Cronaca Città di Barbona Provincia di Padova (PD)

Ritrovata e messa in sicurezza a Barbona una lucertola messicana velenosa

Dopo quasi due mesi di avvistamenti lungo l'Adige, un esemplare di heloderma horridum è stato individuato grazie a una cagnolina e catturato dai carabinieri forestali e da un veterinario specializzato.

Ritrovata e messa in sicurezza a Barbona una lucertola messicana velenosa
©Illustrazione IA Emma Schiavon / we-news.com

Ritrovamento e intervento

Una lucertola di origine messicana, appartenente alla specie heloderma horridum, è stata catturata nella serata dell'11 agosto a Barbona, lungo l'argine dell'Adige. L'animale era oggetto di segnalazioni e avvistamenti fin dalla fine di giugno, ma aveva sfuggito per settimane ai tentativi di recupero.

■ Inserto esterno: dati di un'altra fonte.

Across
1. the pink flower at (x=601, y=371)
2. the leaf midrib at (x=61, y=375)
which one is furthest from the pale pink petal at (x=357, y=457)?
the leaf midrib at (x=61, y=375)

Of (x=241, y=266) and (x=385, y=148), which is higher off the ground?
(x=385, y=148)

L'individuazione definitiva è avvenuta in via Spino, nell'area di un'azienda agricola di proprietà di Monica Polonio. A notare la presenza del rettile è stata Stella, una cagnolina che ha iniziato ad abbaiare con insistenza vicino a un deposito. Il compagno della proprietaria, Davide Tasinato, ha seguito il comportamento dell'animale domestico e ha scoperto il rettile nascosto sotto un cumulo di assi di ferro.

Chi è intervenuto

Allertato il sindaco Francesco Peotta, sul posto sono arrivati i carabinieri forestali di Monselice insieme al veterinario Marco Bedin, esperto nel recupero di rettili. L'operazione si è conclusa intorno alle 21 con la cattura e la messa in sicurezza dell'esemplare.

Caratteristiche della specie

La lucertola recuperata non è una specie autoctona: l'heloderma horridum è originaria del Messico e dell'America centrale. Si tratta di un rettile dal corpo robusto, con squame evidenti e una coda massiccia; può raggiungere una lunghezza significativa e dispone di ghiandole velenifere.

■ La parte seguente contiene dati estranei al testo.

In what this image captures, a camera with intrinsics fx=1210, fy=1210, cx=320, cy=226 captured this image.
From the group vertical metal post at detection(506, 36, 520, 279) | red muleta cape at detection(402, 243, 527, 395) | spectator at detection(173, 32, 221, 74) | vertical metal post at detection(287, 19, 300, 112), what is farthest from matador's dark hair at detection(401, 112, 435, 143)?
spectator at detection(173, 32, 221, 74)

  • Luogo: via Spino, azienda agricola a Barbona
  • Scopritore: la cagnolina Stella, seguito da Davide Tasinato
  • Interventi: carabinieri forestali di Monselice e veterinario specializzato
Voce Informazione
Specie heloderma horridum
Origine Messico e America centrale
Lunghezza riportata circa 80 centimetri
Intervenuti Carabinieri forestali di Monselice; veterinario Marco Bedin

Impatto per la comunità e indicazioni pratiche

L'avvistamento di un animale esotico e velenoso in area agricola solleva questioni di sicurezza per chi lavora all'aperto e per chi ha animali domestici. In questo caso l'attenzione di una cagnolina e la prontezza dei residenti hanno consentito il recupero senza danni segnalati a persone o animali.

Per i cittadini: è consigliabile segnalare subito qualsiasi avvistamento di fauna non riconosciuta alle autorità comunali o al 112, evitando avvicinamenti che possano mettere a rischio la propria incolumità. In presenza di animali esotici potenzialmente pericolosi è opportuno lasciare il recupero a personale specializzato.

La vicenda, iniziata con segnalazioni lungo l'argine dell'Adige alla fine di giugno, si è quindi conclusa con la cattura dell'animale. Restano aperte le verifiche sul come il rettile sia giunto in zona e sul suo successivo destino, affidato alle competenze dei soggetti intervenuti.